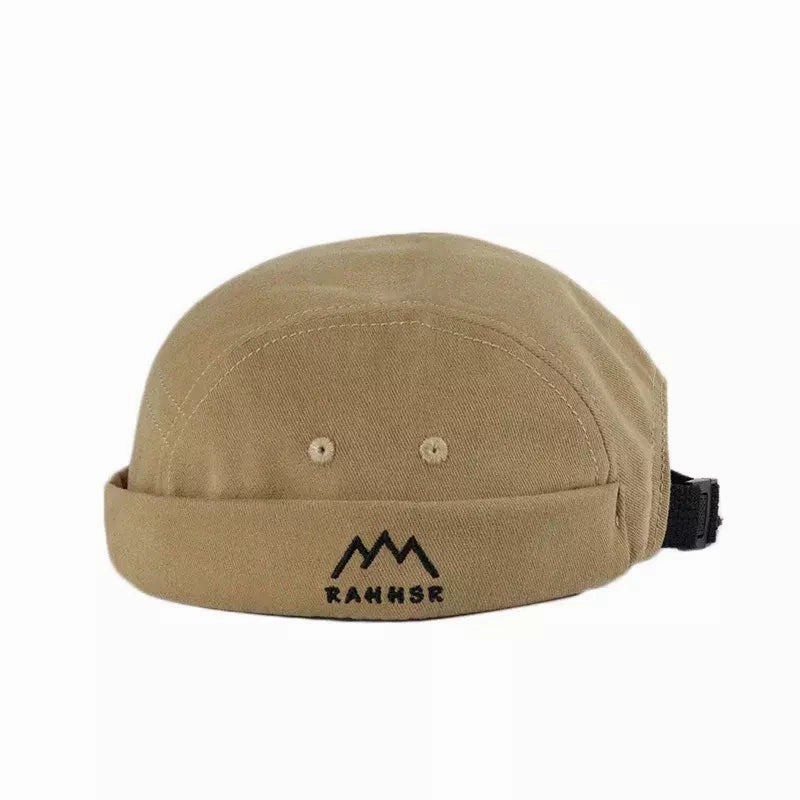 RAHHSR Winter Docker Cap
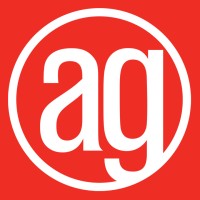 AlphaGraphics UK logo - Similar company to Creative Fitness Marketing (Cfm Uk)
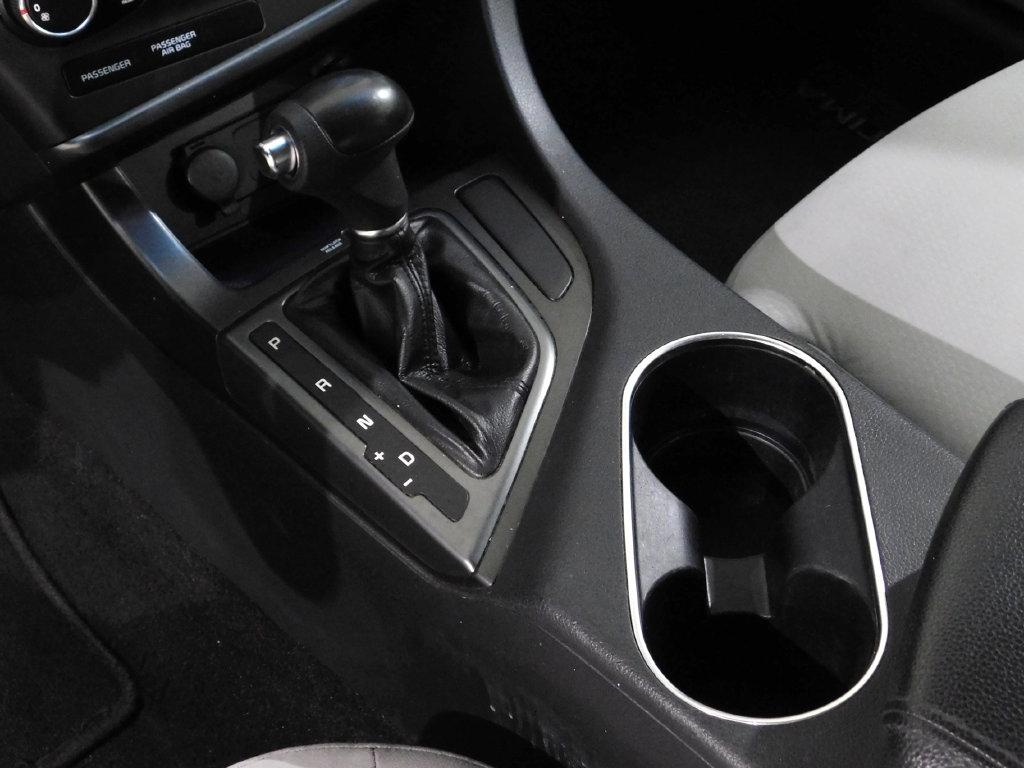 Kia Optima LX 2015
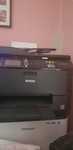 Drukarka epson work Force pro w-f 4630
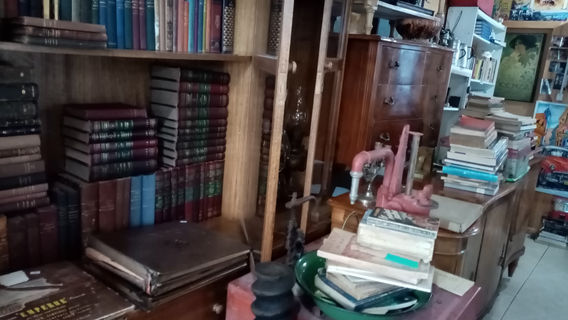 Plaza De Armas Coelemu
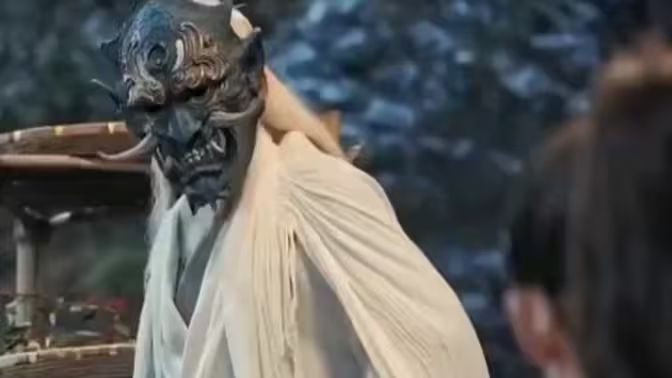 神龙出渊 第21-40集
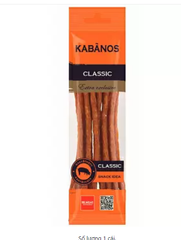 ME.CC- Salami Stick Kabanos Classic 70g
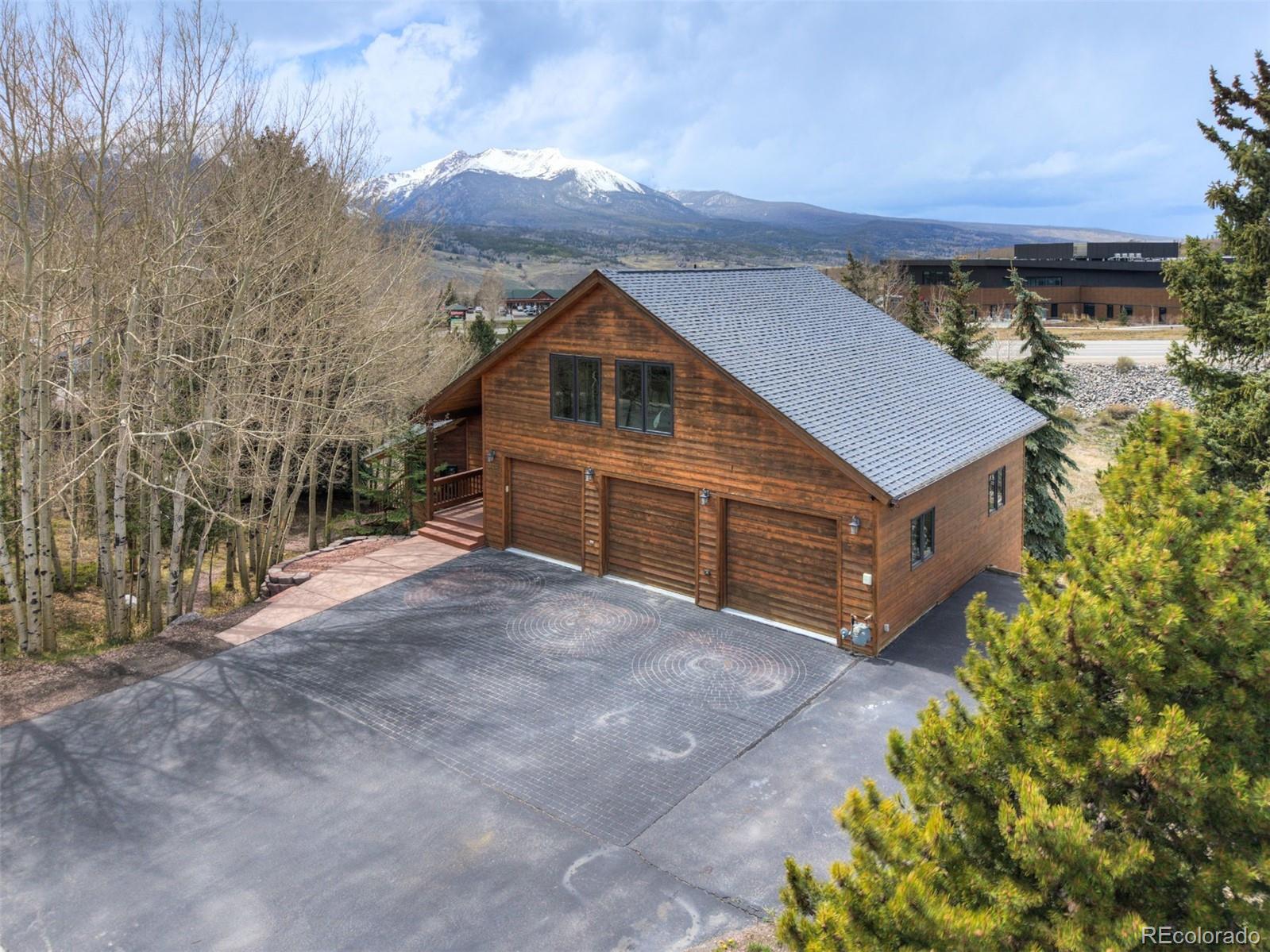 324 W Buffalo Street Dillon CO 80435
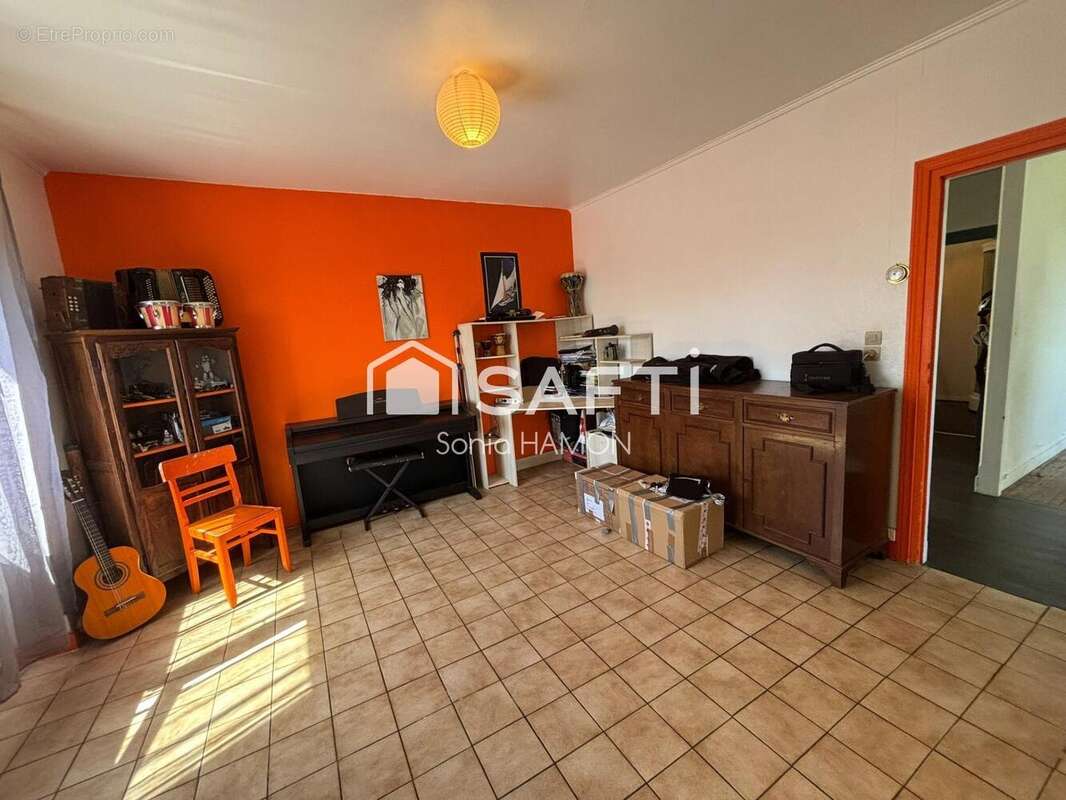 Photo 4 - Maison à CARANTEC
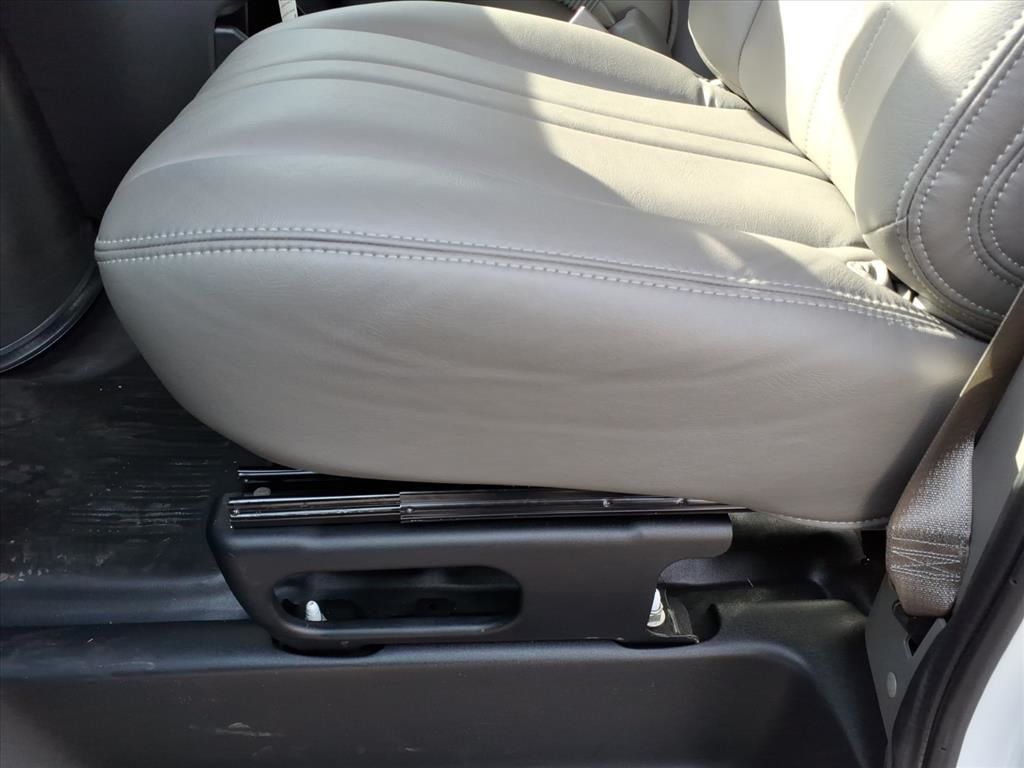New 2025 Chevrolet Express 2500 Empty Cargo Van - photo 31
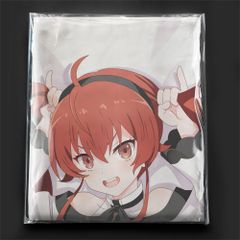 かわいい 美少女/等身大抱き枕カバー/160cm×50cm/2wayトリコット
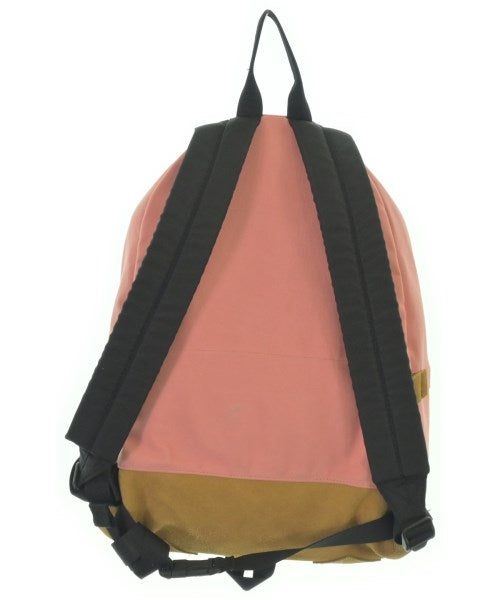 THE NORTH FACE PURPLE LABEL 背包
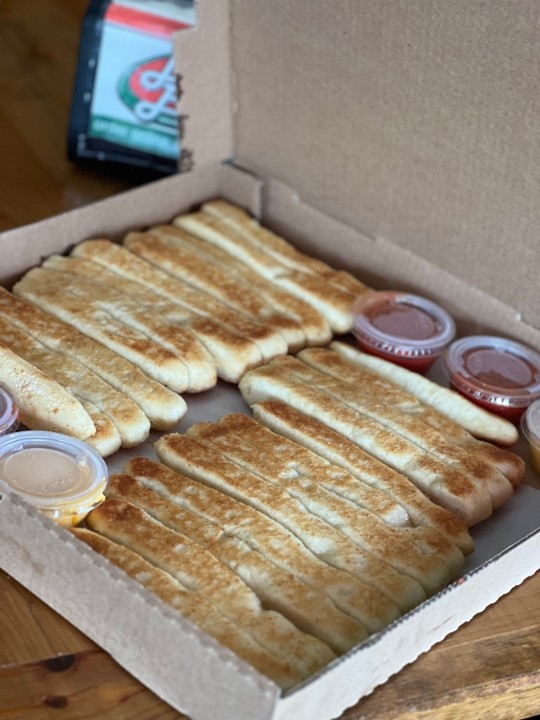 Box of Breadsticks (6)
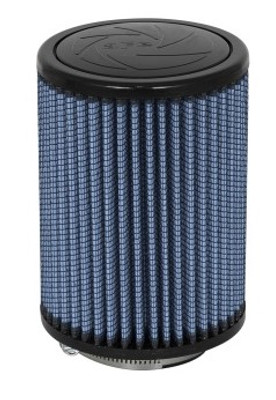 aFe MagnumFLOW Air Filters UCO P5R A/F P5R 2-7/16F x 4-3/8B x 4-3/8T x 6H 24-24506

The problem:
Reproduce exactly, and only, the part of the entries above that runs from the line with "324 W Buffalo Street Dillon CO 80435" to the last line, both included. Pictures stay out.

Your response:
 324 W Buffalo Street Dillon CO 80435
 Photo 4 - Maison à CARANTEC
New 2025 Chevrolet Express 2500 Empty Cargo Van - photo 31
 かわいい 美少女/等身大抱き枕カバー/160cm×50cm/2wayトリコット
 THE NORTH FACE PURPLE LABEL 背包
 Box of Breadsticks (6)
 aFe MagnumFLOW Air Filters UCO P5R A/F P5R 2-7/16F x 4-3/8B x 4-3/8T x 6H 24-24506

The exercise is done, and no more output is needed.